What you have to do - Give the data again exactly as written, without any of its pictures.

[Opening Data section section]

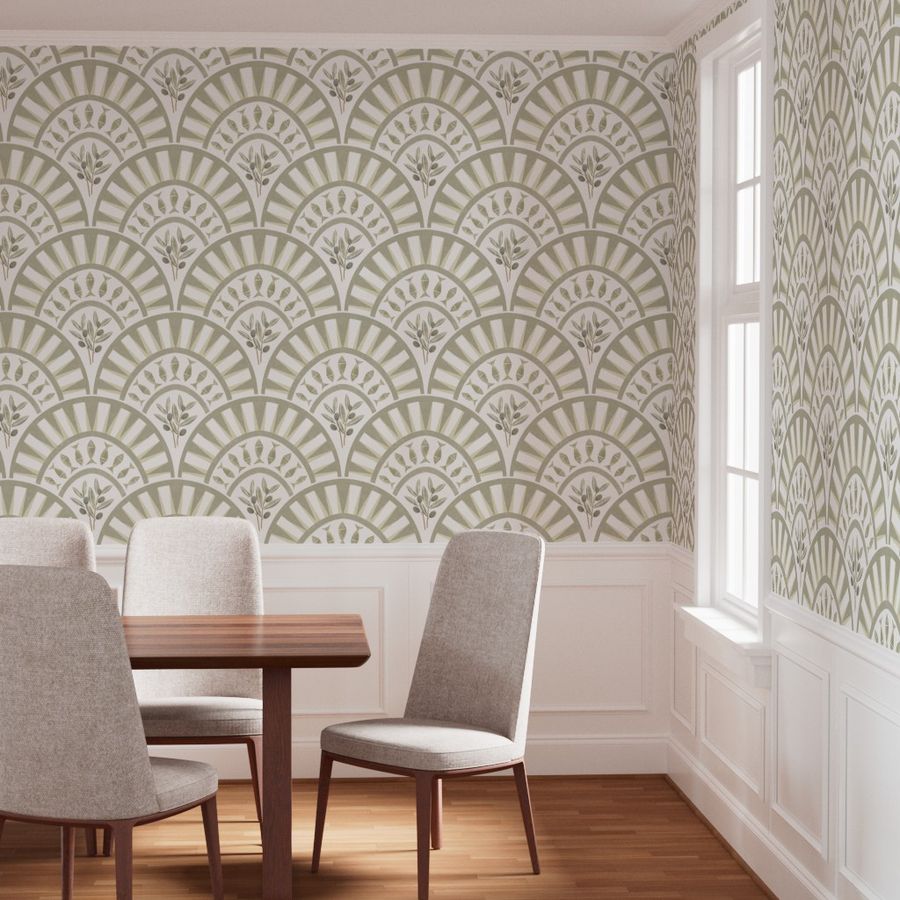 Muted sage and ivory Art Deco botanical wallpaper used as a dining room feature wall with geometric fan arches and leafy details.
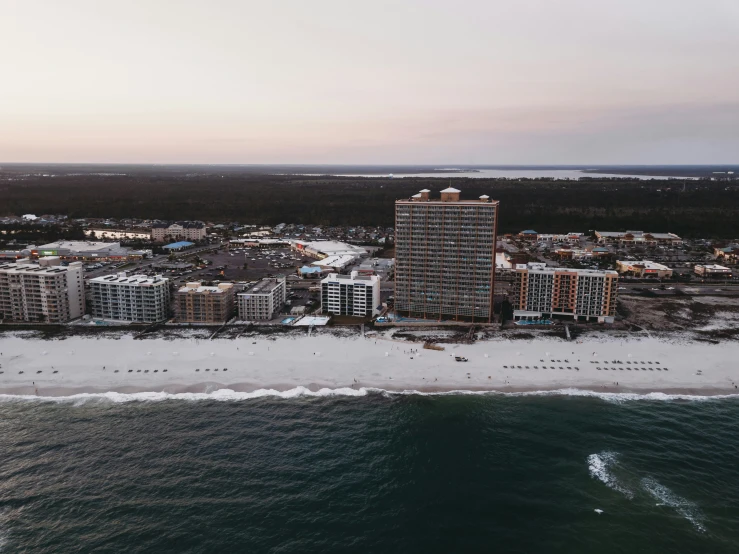 a bird's eye view of an ocean side city from the sky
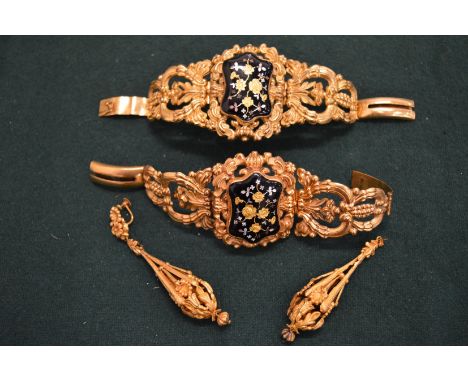 A pair of decorative yellow metal and enamel bracelets and a pair of yellow metal filigree chandelier earrings.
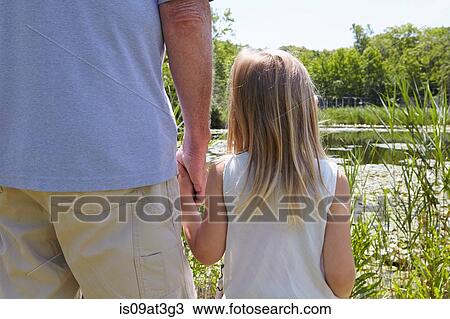 Stock Image - Rear view of girl and grandfather holding hands by rural lake. Fotosearch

[Closing Data section section]

Result of this exercise -
 Muted sage and ivory Art Deco botanical wallpaper used as a dining room feature wall with geometric fan arches and leafy details.
 a bird's eye view of an ocean side city from the sky
 A pair of decorative yellow metal and enamel bracelets and a pair of yellow metal filigree chandelier earrings.
 Stock Image - Rear view of girl and grandfather holding hands by rural lake. Fotosearch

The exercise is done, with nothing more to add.